Key Insight: Evolutionary operators are parameterized as attention mechanisms to make them differentiable. The parameters are then updated online using "offspring approaching the elite archive" as a supervision signal.

Core Idea: Transform the "train-then-test" paradigm of meta-learning into a "learn-while-optimizing" closed-loop adaptation by parameterizing evolutionary operators with attention mechanisms.

Method

Overall Architecture

The input is a black-box objective function \(f_T(\mathbf{x})\) (queryable values only), and the output is an approximate optimal solution \(\mathbf{x}^*\). ABOM decomposes a traditional EA iteration into a closed-loop pipeline: population initialization via Latin Hypercube Sampling, followed by three parameterized evolutionary operators—dual-path attention selection to decide recombination, differentiable crossover to fuse parents, and inter-gene attention mutation to inject perturbations—to generate offspring. After evaluating offspring fitness, the top \(N\) individuals are retained via elitism. Finally, an L2 loss measuring "offspring approaching the elite archive" serves as a supervision signal for backpropagation to update operator parameters \(\theta\) on-the-fly. This process performs online adaptation directly on the target task without pre-training.

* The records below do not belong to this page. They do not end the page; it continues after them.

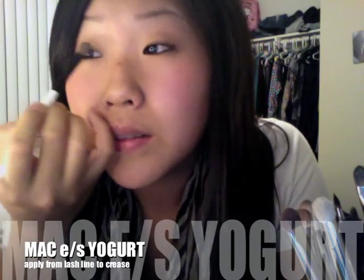I'm going to go in with Yogurt from MAC — just a pale pink-purple, really light. I'm going to apply this all over my eyelid from the base up to about the crease — if you have a crease — and I'm going to pat that on nice and heavy.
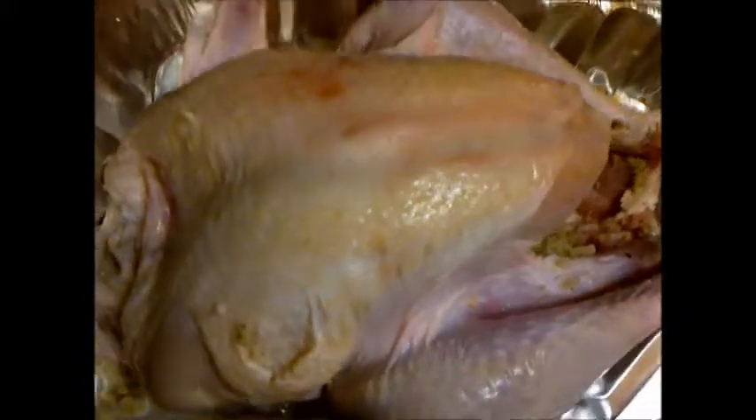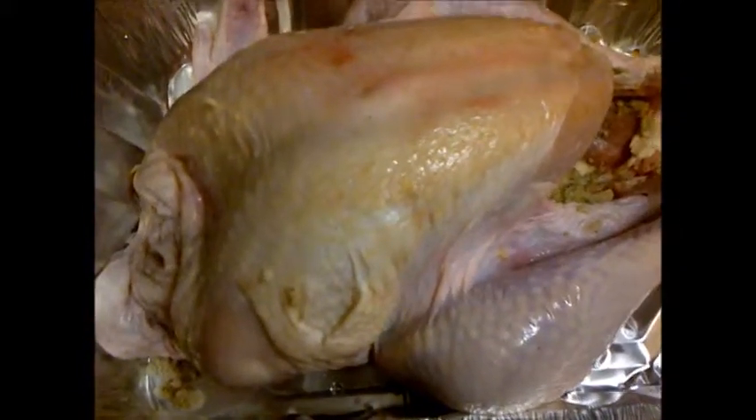We're just going to stuff that, cover it all up — and there we go. I'm going to cover them up and cook them, and I'm going to show you what it looks like when it comes out of the oven. Thanks for watching and subscribe!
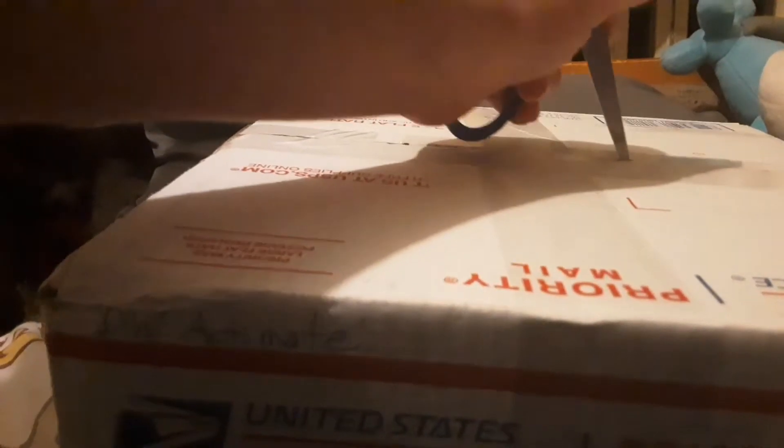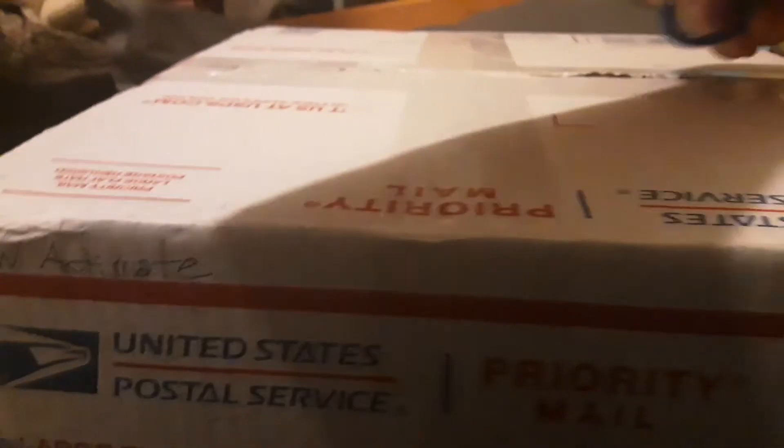I'm opening something. This is the first unboxing today. This is something that I've been looking for. Let me open this. I don't want to cut this tape. This is the Actimates D.W.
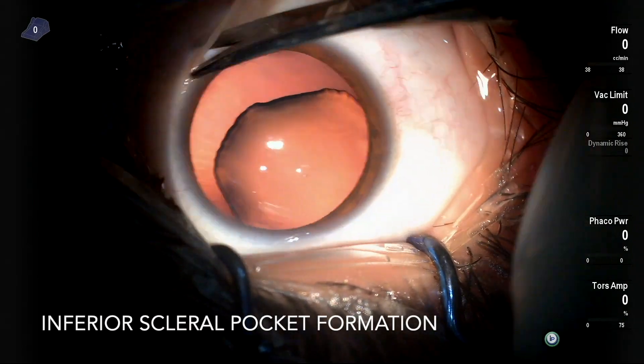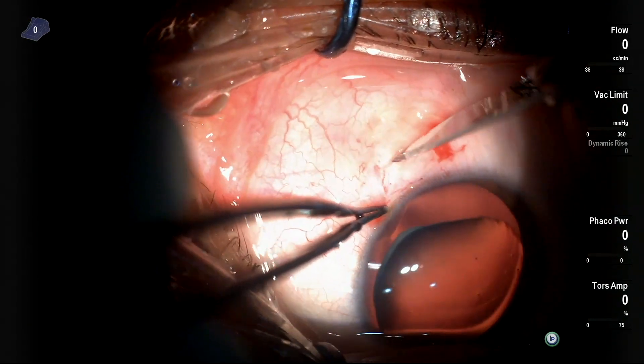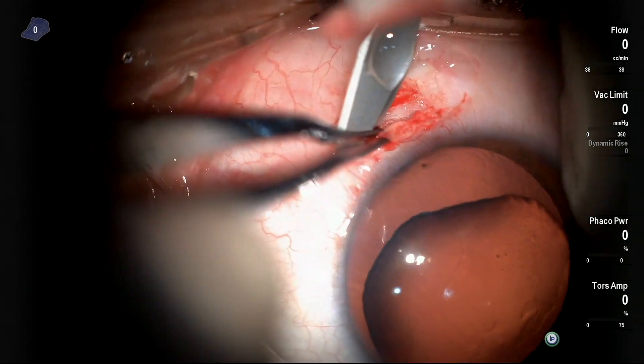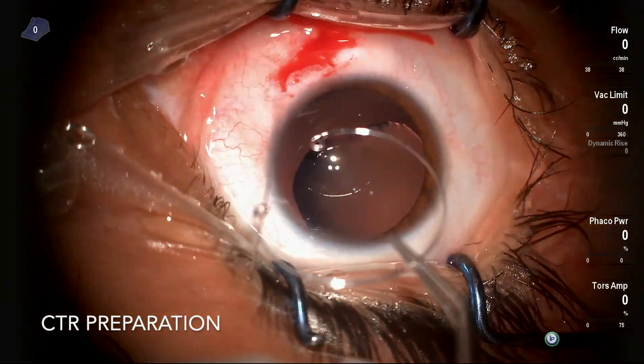I started first by opening the conjunctiva infero-nasally and doing a scleral pocket or scleral flap using a 15 crescent blade.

%%{init: {'flowchart': {'rankSpacing': 24, 'nodeSpacing': 28, 'padding': 6, 'wrappingWidth': 400}}}%%
flowchart TD
    A["Black-box Objective f_T(x)<br/>(Queryable Values Only)"] --> B["Latin Hypercube Sampling<br/>Population Initialization"]
    B --> C["Dual-path Attention Selection<br/>(Fitness + Spatial Position)"]
    C --> D["Differentiable Crossover<br/>(Weighted mixture + Residual MLP)"]
    D --> E["Inter-gene Attention Mutation<br/>(Modeling variable coupling)"]
    E --> F["Evaluate Offspring Fitness"]
    F --> G["Elitism: Retain<br/>Top N Individuals"]
    G --> H["Adaptive Parameter Learning<br/>(L2 Loss to Elite Archive)"]
    H -->|Gradient Update θ| C
    G -->|Convergence| I["Approximate Optimal Solution x*"]

Key Designs

The core of ABOM is rewriting selection, crossover, and mutation into differentiable attention modules with learnable parameters, combined with a closed-loop online update mechanism.

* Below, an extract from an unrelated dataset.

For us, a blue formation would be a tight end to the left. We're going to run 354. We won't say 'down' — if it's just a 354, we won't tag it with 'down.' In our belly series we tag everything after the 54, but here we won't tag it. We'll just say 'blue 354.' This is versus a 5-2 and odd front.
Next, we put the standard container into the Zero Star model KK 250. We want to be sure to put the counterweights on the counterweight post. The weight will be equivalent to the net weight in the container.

1. Dual-path Attention Selection: Combining Fitness and Spatial Position

Traditional selection (e.g., tournament selection) focuses only on fitness ranking, ignoring spatial proximity. ABOM utilizes an \(N \times N\) attention matrix \(\mathbf{A}^{(t)}\) to determine recombination weights. It employs two paths: one uses position coordinates \(\mathbf{P}\) for Query-Key projections to encode spatial relations, and the other uses fitness \(\mathbf{F}\) to encode ranking quality. These are fused via softmax:

\[\mathbf{A}^{(t)} = \text{softmax}\left(\frac{(\mathbf{P}\mathbf{W}^{QP})(\mathbf{P}\mathbf{W}^{KP})^\top + (\mathbf{F}\mathbf{W}^{QF})(\mathbf{F}\mathbf{W}^{KF})^\top}{\sqrt{d_A}}\right)\]

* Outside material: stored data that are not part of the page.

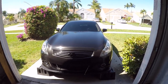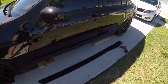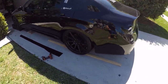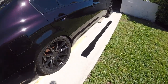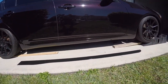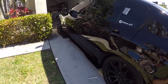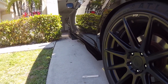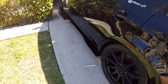Hey guys, welcome back to another video. Today I'm just going to be installing some side skirts on my G37. I'm showing you the before and then I'll show you guys the after and tell you what I used to install them. Here you got completed one side of the install — I'm gonna finish up the other side and show you guys the final look.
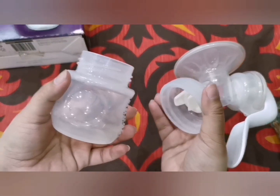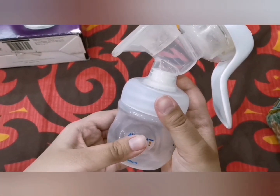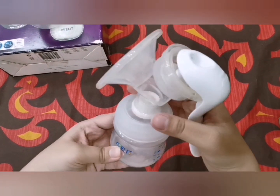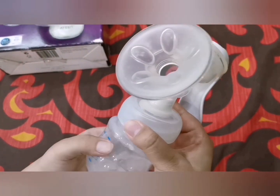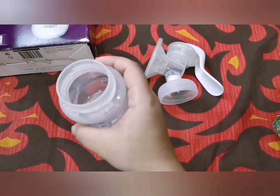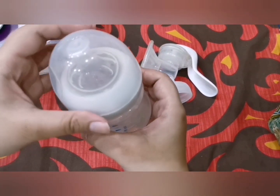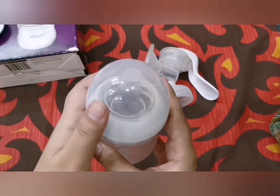If you routinely express more than four ounces, you can use the larger 250 ml or 330 ml Avent bottles. To use it, gently move the handle back and forth until let-down. After expressing, you can store the milk in the fridge using the sealing cap, or put the feeding cap on the bottle and feed the baby right away.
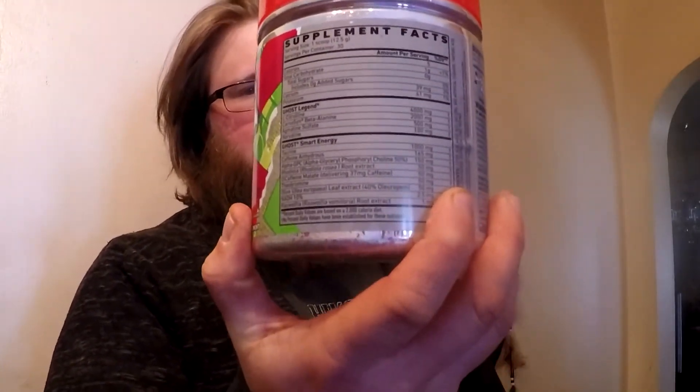A couple things about this pre-workout: on the back, they actually list everything the product contains — there's no proprietary blend where they don't disclose what's in it. It has about 200 milligrams of caffeine, which puts it right in the mid-range of pre-workouts, and I got a pretty good boost from it. The only thing it doesn't have, at least that I can see, is creatine. Most pre-workouts come with creatine packed in, but this one doesn't, so you'd have to pick up a separate creatine supplement.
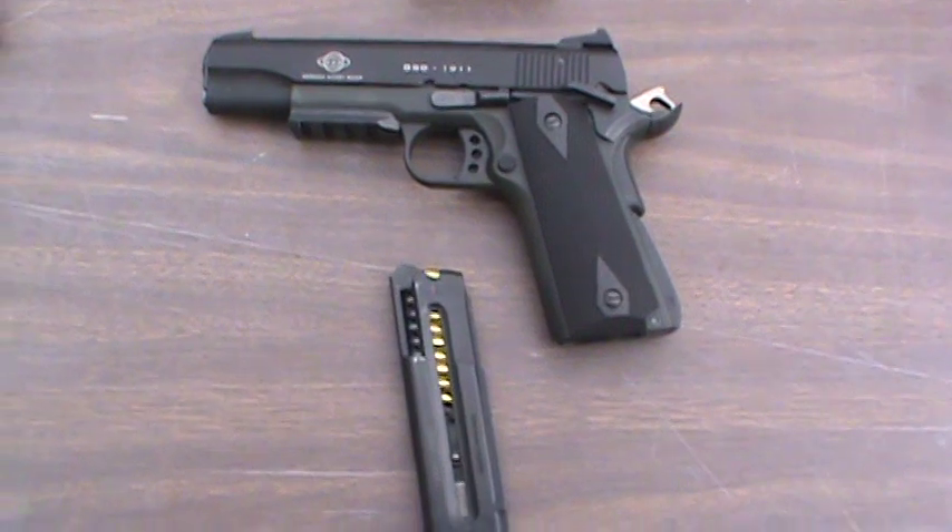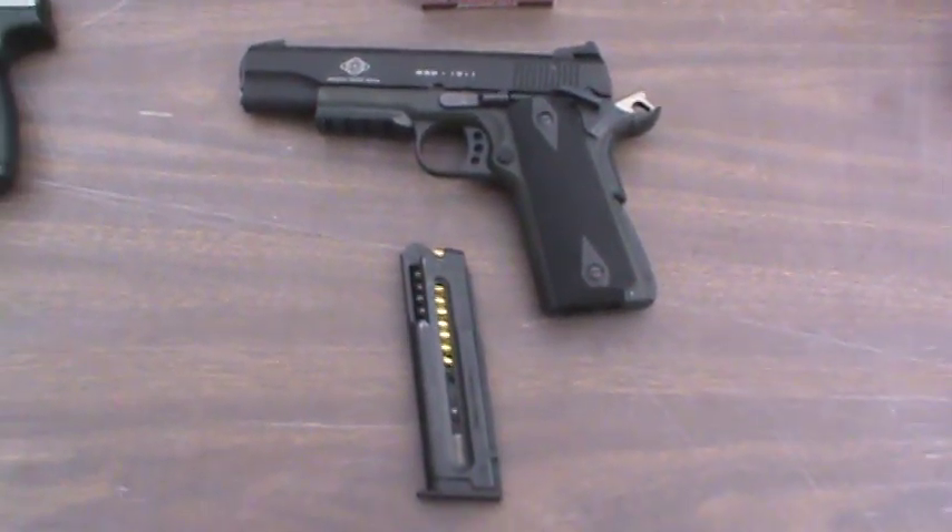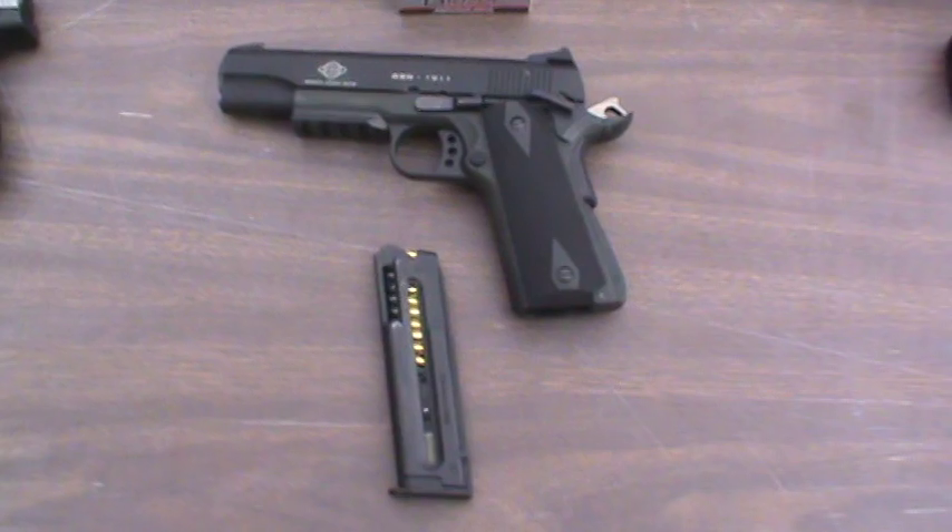This came with a fake suppressor. I ain't got it on right now. I might put it on for another video, but I'm going to shoot it without a fake suppressor for right now.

2. Differentiable Crossover: Attention-weighted Fusion + Residual MLP

Offspring information is fused into an intermediate population \(\mathbf{P}'^{(t)}\) by calculating \(\mathbf{A}^{(t)}\mathbf{P}^{(t)}\). A non-linear offset learned by an MLP is then added via a residual connection:

\[\mathbf{P}'^{(t)} = \mathbf{P}^{(t)} + \text{MLP}_{\theta_c}(\mathbf{A}^{(t)}\mathbf{P}^{(t)})\]

Dropout (probability \(p_C\)) remains active during inference to replace manual crossover probability tuning, providing continuous exploration.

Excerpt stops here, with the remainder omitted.